## Task goal
Find all the lines in the material below with the word "Photo", and copy them.

## Input material
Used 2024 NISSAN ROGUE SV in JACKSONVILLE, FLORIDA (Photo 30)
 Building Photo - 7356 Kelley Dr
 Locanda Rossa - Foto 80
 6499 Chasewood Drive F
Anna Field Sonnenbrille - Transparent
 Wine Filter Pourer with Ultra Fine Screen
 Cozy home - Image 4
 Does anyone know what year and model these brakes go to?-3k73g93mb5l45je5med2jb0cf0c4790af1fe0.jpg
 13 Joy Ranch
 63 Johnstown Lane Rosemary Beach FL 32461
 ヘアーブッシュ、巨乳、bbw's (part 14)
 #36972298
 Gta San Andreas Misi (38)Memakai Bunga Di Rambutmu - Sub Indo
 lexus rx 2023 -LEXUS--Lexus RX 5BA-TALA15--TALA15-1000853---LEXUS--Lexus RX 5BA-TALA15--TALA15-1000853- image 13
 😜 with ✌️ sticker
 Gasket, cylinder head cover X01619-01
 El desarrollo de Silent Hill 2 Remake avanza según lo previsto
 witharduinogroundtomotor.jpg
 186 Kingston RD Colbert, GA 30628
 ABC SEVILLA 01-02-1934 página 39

## Answer to this exercise
Used 2024 NISSAN ROGUE SV in JACKSONVILLE, FLORIDA (Photo 30)
 Building Photo - 7356 Kelley Dr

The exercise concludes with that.